Grau ist alle Theorie, praktisch wird es, spätestens bei der Bezahlung der Team-Mitglieder. Da könnte ein ganz neues Entlohnungs- und Prämiensystem entstehen. Zum Beispiel: alle Mitarbeiter im Softwarehaus oder in der Softwareabteilung werden mit Basisgehältern ausgestattet, denen projektbezogen und gemessen am der Wichtigkeit der jeweils übernommenen Funktion Leistungsprämien zugeschlagen würden. "Das käme ja auch der Tatsache entgegen, daß es fest umschriebene Berufsbilder im Softwarebereich eigentlich gar nicht gibt", kommentiert der Team-Ideologe.

So sind denn auch die "Adressen" der Team-Mitglieder nicht eigentlich Berufsbezeichnungen, sondern lediglich auf das Projekt bezogene Funktionsbeschreibungen.

Funktion nicht gleich Beruf

Der Projektleiter/Chefprogrammierer erarbeitet Projektplan und Design für das Gesamtsystem und seine modulare Gliederung, programmiert den Systemkern selbst und definiert die Systemkomponenten. Der Projektassistent unterstützt ihn darin und ist sein Stellvertreter - verfügbar wenn der Team-Chef ausfällt. Der Sekretär ist verantwortlich für die Projektbibliothek einschließlich aller Routine- und Verwaltungsarbeiten. Er erfaßt die Daten für die Kontrolle des Projektfortschritts und ist zuständig für Berichte und Dokumentationen. Die Programmierer programmieren Systemkomponenten nach Vorgabe.

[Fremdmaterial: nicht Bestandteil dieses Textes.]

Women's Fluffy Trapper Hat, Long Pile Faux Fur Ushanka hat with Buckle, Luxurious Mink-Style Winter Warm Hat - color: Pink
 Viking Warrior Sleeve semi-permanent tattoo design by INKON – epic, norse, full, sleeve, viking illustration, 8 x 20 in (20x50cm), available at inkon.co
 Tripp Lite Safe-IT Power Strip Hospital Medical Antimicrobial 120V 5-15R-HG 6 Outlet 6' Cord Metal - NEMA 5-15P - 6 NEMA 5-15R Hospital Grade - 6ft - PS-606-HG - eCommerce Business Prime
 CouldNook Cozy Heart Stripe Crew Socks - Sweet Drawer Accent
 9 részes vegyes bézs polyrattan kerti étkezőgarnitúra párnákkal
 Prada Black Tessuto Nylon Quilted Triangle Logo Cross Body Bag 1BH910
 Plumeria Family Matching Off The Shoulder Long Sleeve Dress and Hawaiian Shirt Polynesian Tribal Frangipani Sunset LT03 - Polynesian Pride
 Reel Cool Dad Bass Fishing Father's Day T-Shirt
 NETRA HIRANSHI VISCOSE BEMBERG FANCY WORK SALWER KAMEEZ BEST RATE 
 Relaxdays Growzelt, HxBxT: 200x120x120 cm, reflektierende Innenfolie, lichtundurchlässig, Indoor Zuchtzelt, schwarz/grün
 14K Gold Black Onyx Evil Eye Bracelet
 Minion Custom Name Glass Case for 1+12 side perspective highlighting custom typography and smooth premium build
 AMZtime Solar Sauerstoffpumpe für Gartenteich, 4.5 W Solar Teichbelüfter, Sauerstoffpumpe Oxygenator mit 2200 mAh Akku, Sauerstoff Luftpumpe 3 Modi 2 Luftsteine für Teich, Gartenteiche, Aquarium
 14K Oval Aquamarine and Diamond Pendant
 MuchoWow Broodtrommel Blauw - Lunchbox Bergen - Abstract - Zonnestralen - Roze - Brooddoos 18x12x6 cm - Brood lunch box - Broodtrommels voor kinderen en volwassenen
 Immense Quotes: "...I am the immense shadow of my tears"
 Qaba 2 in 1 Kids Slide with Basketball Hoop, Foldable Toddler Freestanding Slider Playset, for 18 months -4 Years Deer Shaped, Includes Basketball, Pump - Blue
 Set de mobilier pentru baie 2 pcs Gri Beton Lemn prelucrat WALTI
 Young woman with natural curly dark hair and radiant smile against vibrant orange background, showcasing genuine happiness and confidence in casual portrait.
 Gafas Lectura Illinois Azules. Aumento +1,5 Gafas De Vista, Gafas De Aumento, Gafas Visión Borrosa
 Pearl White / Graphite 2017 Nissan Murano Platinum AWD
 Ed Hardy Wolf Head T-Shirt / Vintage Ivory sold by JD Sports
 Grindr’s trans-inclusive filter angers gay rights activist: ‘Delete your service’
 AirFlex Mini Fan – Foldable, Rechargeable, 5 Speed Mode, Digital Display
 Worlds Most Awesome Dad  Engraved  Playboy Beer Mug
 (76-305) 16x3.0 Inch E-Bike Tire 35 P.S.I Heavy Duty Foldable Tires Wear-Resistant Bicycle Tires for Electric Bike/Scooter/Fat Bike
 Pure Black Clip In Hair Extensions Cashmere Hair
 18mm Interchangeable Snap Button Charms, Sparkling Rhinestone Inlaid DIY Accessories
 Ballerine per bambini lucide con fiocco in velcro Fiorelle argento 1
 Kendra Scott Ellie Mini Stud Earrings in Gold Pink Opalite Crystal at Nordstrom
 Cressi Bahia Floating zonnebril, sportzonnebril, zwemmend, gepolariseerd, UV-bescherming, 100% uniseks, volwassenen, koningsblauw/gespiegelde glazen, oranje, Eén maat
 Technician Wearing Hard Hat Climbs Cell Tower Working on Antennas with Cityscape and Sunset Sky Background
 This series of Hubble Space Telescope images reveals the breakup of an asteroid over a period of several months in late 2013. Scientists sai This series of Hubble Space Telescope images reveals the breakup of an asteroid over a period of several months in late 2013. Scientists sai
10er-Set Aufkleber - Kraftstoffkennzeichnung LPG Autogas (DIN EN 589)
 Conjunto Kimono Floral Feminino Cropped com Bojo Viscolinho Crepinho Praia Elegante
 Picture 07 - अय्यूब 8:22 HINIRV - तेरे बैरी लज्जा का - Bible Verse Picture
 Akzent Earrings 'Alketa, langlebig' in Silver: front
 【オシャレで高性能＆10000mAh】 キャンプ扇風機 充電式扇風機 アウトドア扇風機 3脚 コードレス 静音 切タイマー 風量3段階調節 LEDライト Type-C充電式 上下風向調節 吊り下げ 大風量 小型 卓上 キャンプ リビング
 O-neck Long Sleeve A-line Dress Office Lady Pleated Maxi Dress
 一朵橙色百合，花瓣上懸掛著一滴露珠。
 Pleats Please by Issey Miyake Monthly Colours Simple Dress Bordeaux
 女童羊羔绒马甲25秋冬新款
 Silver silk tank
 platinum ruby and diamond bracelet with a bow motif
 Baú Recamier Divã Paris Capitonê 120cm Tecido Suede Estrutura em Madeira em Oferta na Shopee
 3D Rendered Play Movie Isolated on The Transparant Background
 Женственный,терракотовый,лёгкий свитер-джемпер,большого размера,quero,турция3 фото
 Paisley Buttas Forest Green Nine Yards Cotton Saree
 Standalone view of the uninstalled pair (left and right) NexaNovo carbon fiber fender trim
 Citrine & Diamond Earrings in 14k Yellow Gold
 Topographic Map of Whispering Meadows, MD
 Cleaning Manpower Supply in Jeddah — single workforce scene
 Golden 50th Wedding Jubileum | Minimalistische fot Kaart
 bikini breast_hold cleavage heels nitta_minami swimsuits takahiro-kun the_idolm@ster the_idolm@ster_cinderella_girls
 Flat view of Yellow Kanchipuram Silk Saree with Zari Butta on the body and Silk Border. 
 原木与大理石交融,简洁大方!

"Im Grunde keine neuen Berufe", stellt Dr. Heldmann fest, "aber doch neue andere Qualifikationen, die man von Softwaremitarbeitern erwarten muß: die Bereitschaft, auf Solo-Tänze zu verzichten und sich dem Team und seiner gemeinsamen Aufgabe unterzuordnen."

Wirklich sinnvoll - dann sogar unabdingbar - ist diese Organisationsform, wo Systeme nach dem Prinzip der Hierarchischen Modulisierung entwickelt und diese Module strukturiert programmiert werden.